Short text fragments from websites:
************
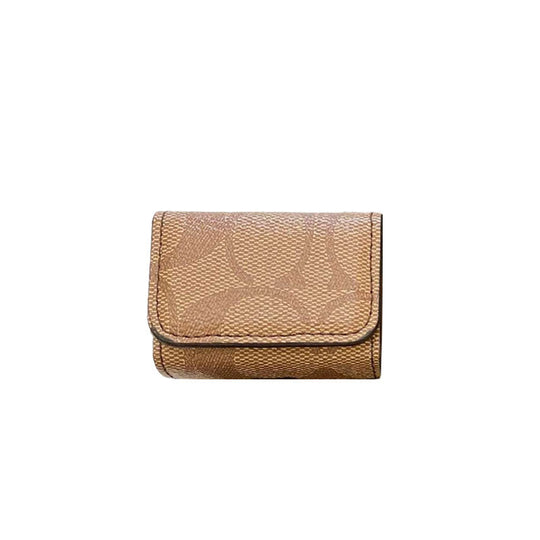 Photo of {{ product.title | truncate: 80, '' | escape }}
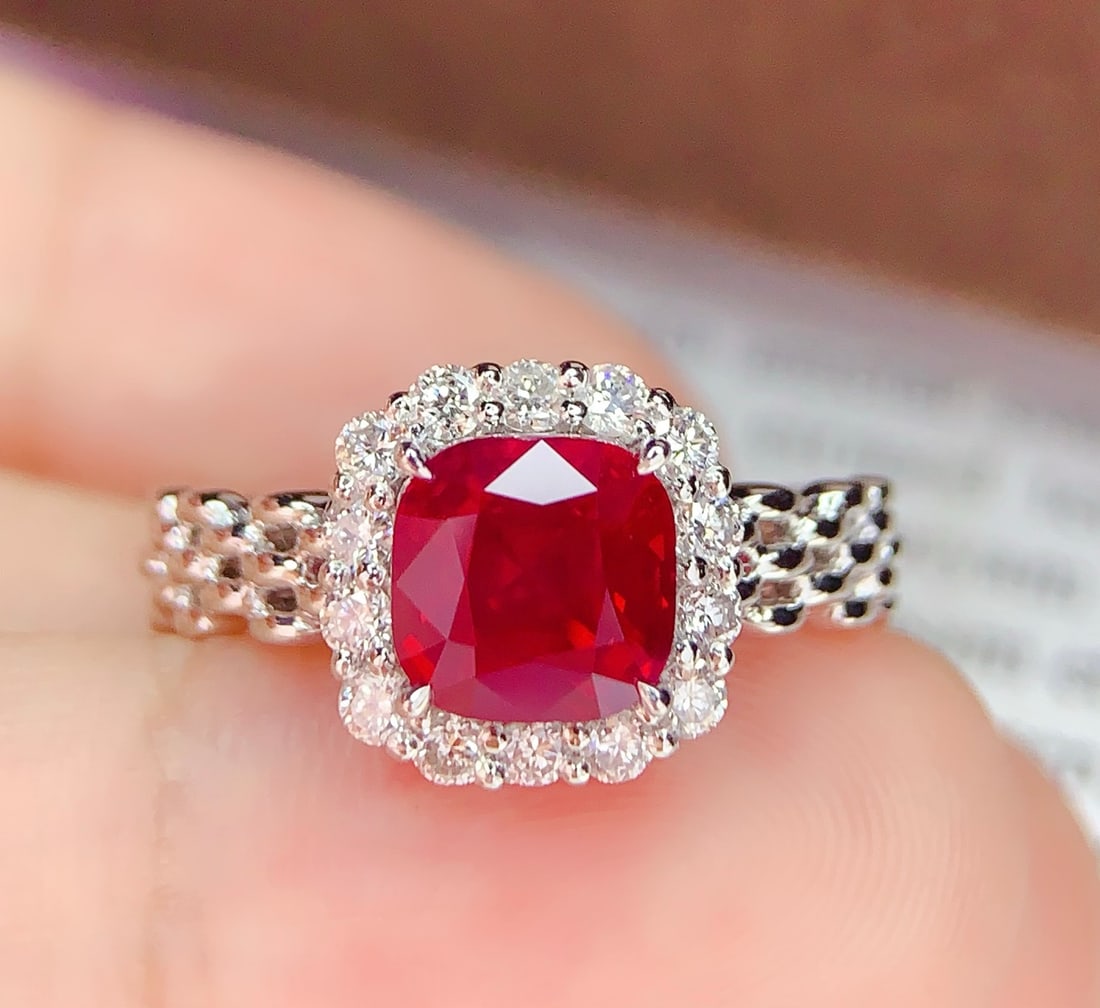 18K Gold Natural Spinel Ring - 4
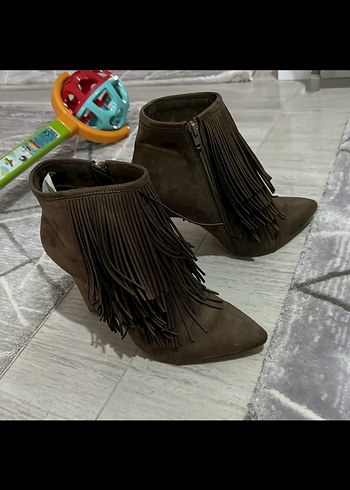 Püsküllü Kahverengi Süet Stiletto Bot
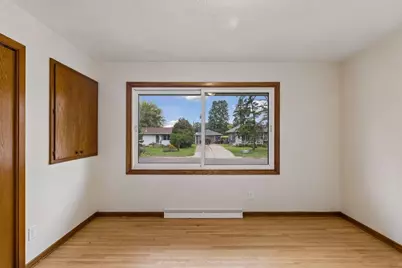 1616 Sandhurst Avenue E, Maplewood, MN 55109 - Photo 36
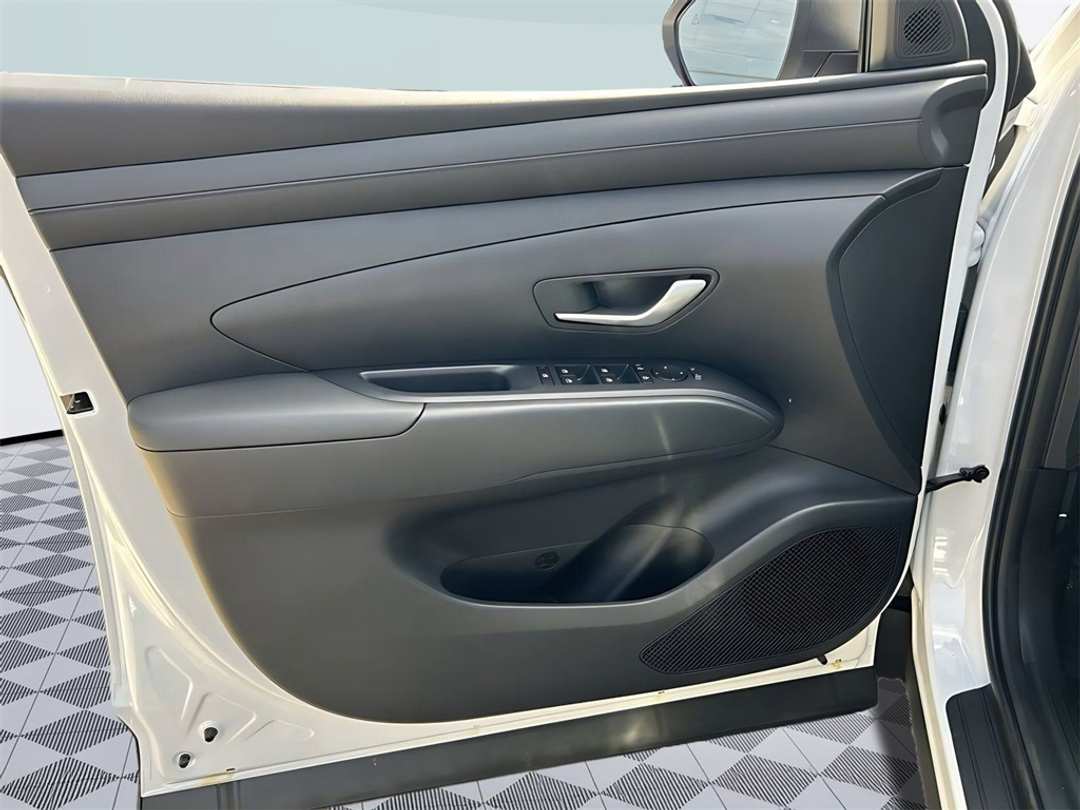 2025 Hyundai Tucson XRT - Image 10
************
_EXERCISE REQUIREMENTS_
Leave the pictures aside and give the records above back word for word.

_SOLUTION_
 Photo of {{ product.title | truncate: 80, '' | escape }}
 18K Gold Natural Spinel Ring - 4
 Püsküllü Kahverengi Süet Stiletto Bot
 1616 Sandhurst Avenue E, Maplewood, MN 55109 - Photo 36
 2025 Hyundai Tucson XRT - Image 10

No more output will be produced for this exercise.